People at this level are primarily concerned with creating certain experiences. They could be fulfilled and feel really competent when they are skiing but when they get injured they can't go and do much of anything so it is just terrible for them.

They can still have a bad day, however they are much better off than the getting people. Doing something lasts for quite a while, maybe a whole day. Whereas getting something has an even more temporary sheen. But neither of these is a permanent condition of happiness or success.

At some point in your life, maybe when you are laying your head down at the end of the night, you will find yourself having to stop doing and getting and just be.

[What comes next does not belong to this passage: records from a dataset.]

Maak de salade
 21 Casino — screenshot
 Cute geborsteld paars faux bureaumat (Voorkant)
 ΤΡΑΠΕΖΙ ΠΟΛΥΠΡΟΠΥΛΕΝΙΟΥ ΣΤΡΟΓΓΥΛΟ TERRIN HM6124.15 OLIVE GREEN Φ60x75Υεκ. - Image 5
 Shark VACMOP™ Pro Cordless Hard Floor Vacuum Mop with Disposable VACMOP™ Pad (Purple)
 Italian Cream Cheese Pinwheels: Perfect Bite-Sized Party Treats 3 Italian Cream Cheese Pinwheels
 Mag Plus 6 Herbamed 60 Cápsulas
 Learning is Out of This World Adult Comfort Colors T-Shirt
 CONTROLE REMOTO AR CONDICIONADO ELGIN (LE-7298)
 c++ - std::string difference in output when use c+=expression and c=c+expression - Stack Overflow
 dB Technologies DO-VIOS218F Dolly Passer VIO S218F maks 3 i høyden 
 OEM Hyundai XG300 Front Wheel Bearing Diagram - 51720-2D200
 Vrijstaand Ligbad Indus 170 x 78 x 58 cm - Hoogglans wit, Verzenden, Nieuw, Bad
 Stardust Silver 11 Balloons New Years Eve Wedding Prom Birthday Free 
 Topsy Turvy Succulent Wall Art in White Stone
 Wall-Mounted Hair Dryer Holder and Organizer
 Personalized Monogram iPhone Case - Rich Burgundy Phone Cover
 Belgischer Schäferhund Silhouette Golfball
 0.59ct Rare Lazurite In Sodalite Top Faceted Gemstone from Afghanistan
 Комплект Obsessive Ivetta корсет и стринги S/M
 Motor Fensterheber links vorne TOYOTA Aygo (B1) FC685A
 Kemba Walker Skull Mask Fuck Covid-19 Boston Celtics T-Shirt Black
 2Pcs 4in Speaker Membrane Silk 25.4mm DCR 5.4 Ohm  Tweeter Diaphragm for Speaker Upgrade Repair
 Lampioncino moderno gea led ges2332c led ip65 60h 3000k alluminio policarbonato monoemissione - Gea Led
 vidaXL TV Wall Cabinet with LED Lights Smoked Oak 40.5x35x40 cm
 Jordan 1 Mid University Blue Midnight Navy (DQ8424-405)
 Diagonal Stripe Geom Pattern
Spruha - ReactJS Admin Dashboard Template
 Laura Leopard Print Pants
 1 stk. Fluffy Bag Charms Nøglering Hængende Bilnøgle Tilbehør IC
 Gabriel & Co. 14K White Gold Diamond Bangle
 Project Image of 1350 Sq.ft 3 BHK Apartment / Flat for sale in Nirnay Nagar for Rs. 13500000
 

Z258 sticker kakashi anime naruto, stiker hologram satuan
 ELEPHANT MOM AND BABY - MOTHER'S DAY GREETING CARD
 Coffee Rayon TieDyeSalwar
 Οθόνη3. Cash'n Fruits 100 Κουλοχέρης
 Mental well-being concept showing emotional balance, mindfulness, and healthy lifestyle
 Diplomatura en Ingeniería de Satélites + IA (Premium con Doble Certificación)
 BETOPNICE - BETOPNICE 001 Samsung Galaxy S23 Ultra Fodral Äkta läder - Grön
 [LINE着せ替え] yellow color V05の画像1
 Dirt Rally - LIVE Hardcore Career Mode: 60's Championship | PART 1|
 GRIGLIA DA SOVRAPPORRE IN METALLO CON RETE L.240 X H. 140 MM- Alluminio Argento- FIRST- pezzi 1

And that is the final and most powerful level - being. This is the person who defines themselves by who they are, not by what they have done or are going to do but by who they are. I am a caring person, I have a great sense of humor, I am content and accepting of who I am.

If you find true happiness with who you are, that is something that you can take with you at all times, it doesn't cost any money and it doesn't matter which activity you happen to be doing, or even whether you are good at it or not. You can do something badly and give it 100% because you are already happy with who you are as a person.

That's the place you want to get to.

And also, Gordon J talks about states, this is very similar/May in fact be the same thing. But if you think about it, you do the things you do and you have made the decisions to get the things you have gotten because of who you are.

Every decision, every mistake, every challenge. It all comes from this mysterious entity "who" which resides at the core of your being.

We try to "fix" this who or make it feel better by getting things or by doing things a certain way. And some ways of getting and doing do lead to a certain type of being experience.

But you can see that it is always something about our being that we are trying to achieve with getting and doing. Feel better, feel more confident, if I just do this or if I just get this thing, then so-and-so's will admire me or I can be famous if I do this, or I can finally feel calm if I could take a permanent vacation by either having the best internet business or winning the lottery.

Even if you chart it from a timeline perspective, when you wake up in the morning what you do exists as a future possibility or a past story, and what you get is all in the future or the past.

Who you are is the only thing that exists at all times.

Now, to make the final point that ties all of this together: this is all cart-before-horse (in the real sense). Since being determines what you do, how you do it, and why you do it, which determines your results, why don't we focus on that first?

The answer: because everybody thinks this is abstract mumbo-jumbo! At this point everything you've been taught is screaming "this doesn't make sense!" - but do not worry, I have been there.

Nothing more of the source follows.